6. Do you pay for help? That is a very personal decision that every start up will have to take at some point of their development. Being as efficient as possible in your capital burn is important on a day-to-day basis but it also is important when investors are looking at you as a potential addition to their portfolio companies. If you’ve shown consistent capital efficiency, they know their dollars will last a lot longer and be used more wisely.
Capital efficiency at every stage will signal to angel investors your real burn rate.
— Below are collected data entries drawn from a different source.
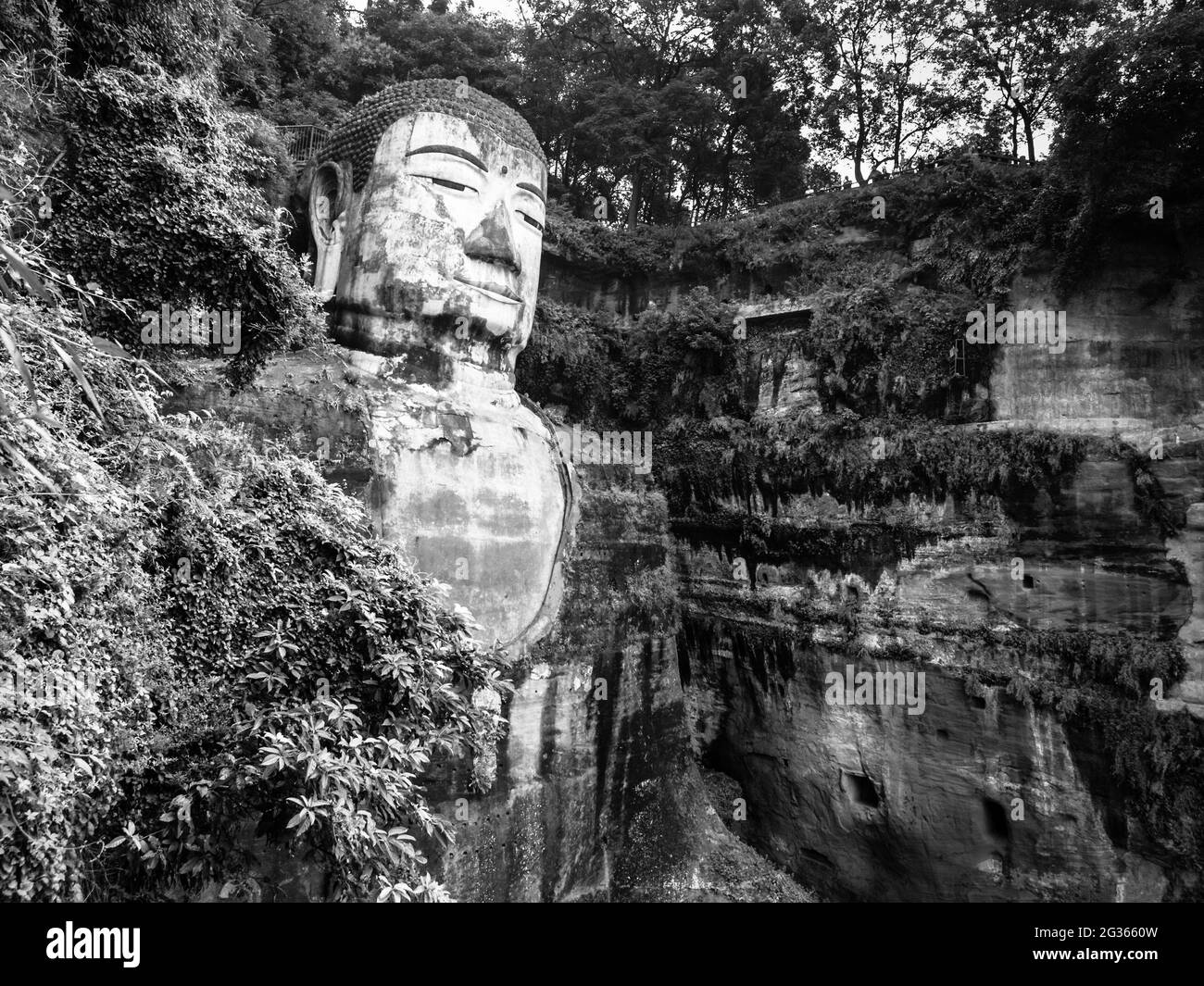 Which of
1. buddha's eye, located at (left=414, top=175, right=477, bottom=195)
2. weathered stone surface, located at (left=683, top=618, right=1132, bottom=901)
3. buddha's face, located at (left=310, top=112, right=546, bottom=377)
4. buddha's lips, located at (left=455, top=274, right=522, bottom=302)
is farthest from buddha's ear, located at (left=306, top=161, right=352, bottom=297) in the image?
weathered stone surface, located at (left=683, top=618, right=1132, bottom=901)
Angel access hours are not meant to be close-door meetings, just a foot into the door of angel funding. I will be sharing month after month, the different questions and discussions that come up during these office hours so that access to capital and insight is democratized. The underfunding of women entrepreneurs is evident and the need to support women is clear so they can reach their full potential. I am also so encouraged by some players in the corporate sector that are starting to step up to meet this diversity challenge. It needs to be done at every stage of funding so that pipeline is more robust and equitable. Recently, Intel Capital launched the Intel Capital Diversity Fund, the largest of its kind at $125 million, to invest in businesses led by women and minorities and fuel economic growth. At Hera Fund, we focus on access to capital and resources in the San Diego region with strong strategic partners across the US (we actively connect with US female angel groups and are members of the Angel Capital Association) and globally. Learn the insights of your funders so that you can master them like an artist.